Receiving a dedicated Current Procedural Terminology (CPT) code, which helps standardize levels of medical reimbursement, has been another necessary step for improving and updating business practices at NTF. With its own dedicated code, neutron therapy can now secure more appropriate reimbursement for doctors' services, and consequently can expect more patient referrals. The next step is an evaluation from Medicare's advisory group, the Relative Value Update Committee (RUC). The specialists advising the RUC recommend a reimbursement amount to the Health Care Financing Administration (HCFA), which administers Medicare and determines reimbursement amounts relative to some 9000 medical procedures.
"Medicine is a business," says Diaz. "Now there has been an incentive to change our CPT code and be evaluated for a better reimbursement rate."

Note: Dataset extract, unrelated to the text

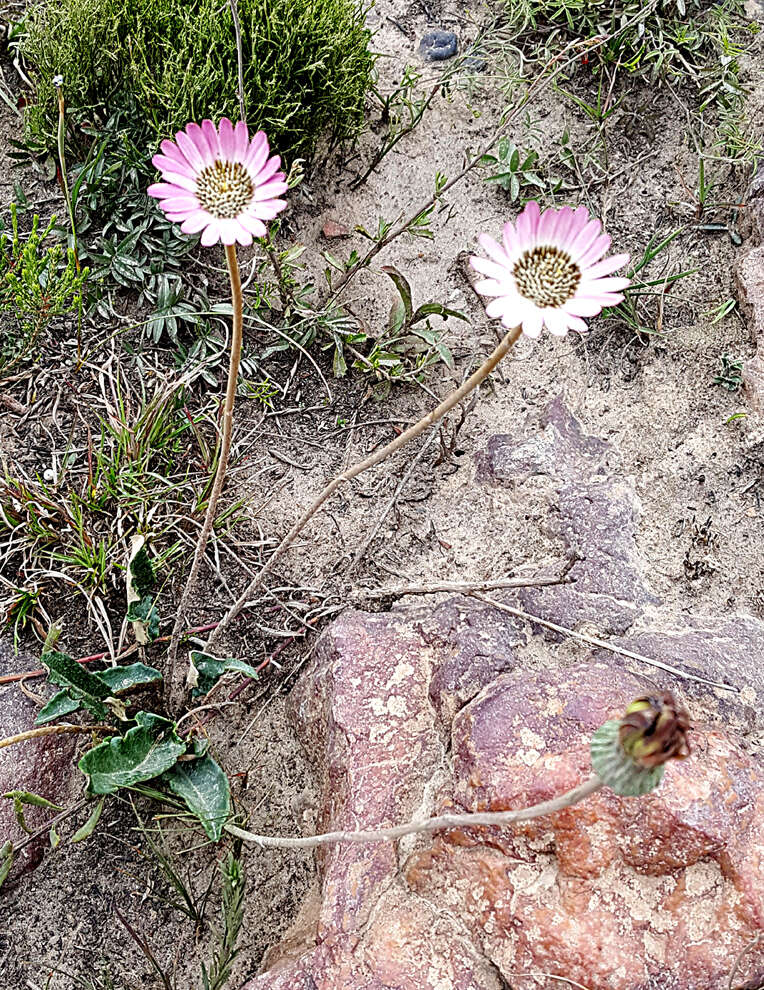 صورة Gerbera serrata (Thunb.) Druce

Once doctors in the region are educated about the benefits of neutron therapy and feel greater comfort in making recommendations, their patients could benefit from advancing technology that is currently in varying developmental stages.

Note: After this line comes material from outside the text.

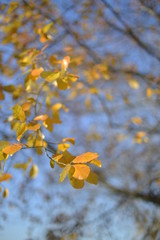 Trees with fall color in morning light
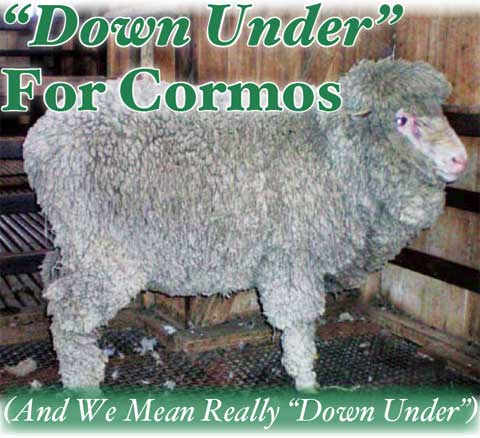 'Down Under' For Cormos By Mike and Barbara Janay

"Because we are one of only three facilities in this country, we have a mandate to explore the future of neutron therapy. To do that, we need a clinical facility to test the benefits of this therapy on human subjects," says Diaz.

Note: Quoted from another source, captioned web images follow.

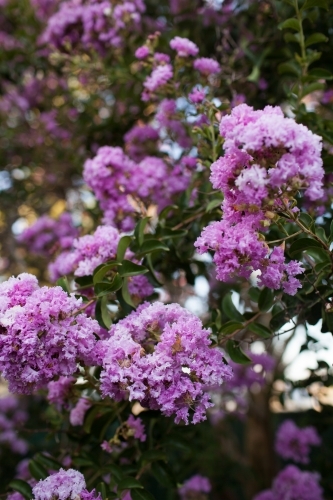 Pink crepe myrtle flowers - Australian Stock Image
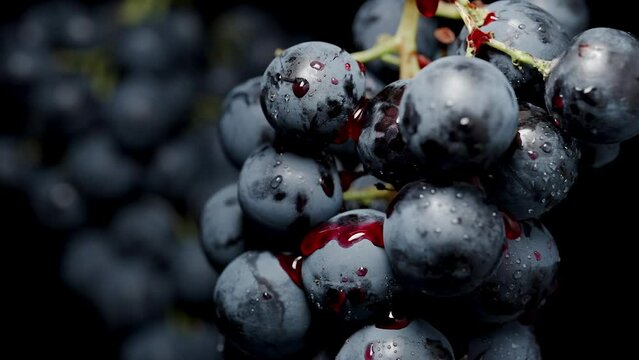 Black grape clusters with red juice dripping from them, close-up, on an isolated black background.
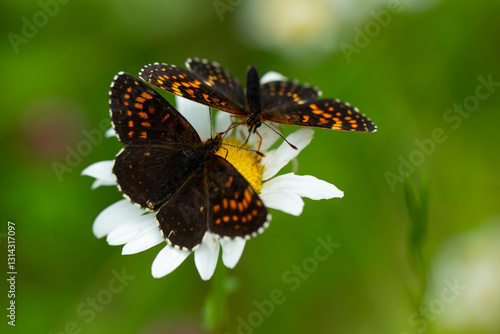 false heath fritillary (Melitaea diamina) sucking on a camomile photo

Photon therapy: When a photo hits the atoms in a tumor cell, it displaces the atom's outer electrons. If the atom recaptures its lost electrons, the tumor's DNA can rebuild itself and go on to cause more harm.
Neutron therapy: A neutron destroys a tumor cell through a nuclear reaction, splitting the atoms in cancerous cells into pair of different atoms which cannot recombine, and halting the tumor's growth.
Fermilab physicist Erik Ramberg attended a public lecture by Lennox at Fermilab with his brother when he decided to get involved with neutron therapy. "I wanted to help these guys out. It's clear that they've been running, working and saving people's lives for decades," he says. Ramberg, Mark Austin of NIU, and Bob Florian of Fermilab are conducting computer reconstruction on a vertical CT scanner first built by Lennox and Tom Kroc of Fermilab in order to make it run faster. The vertical CT scanner, which is the only one in the country, is unique because it scans patients standing or sitting, an essential for calculating a neutron dose for a patient. "This treatment drives home the dramatic intersection between particle physics and society," he says. "It's heartening to be able to save people's lives."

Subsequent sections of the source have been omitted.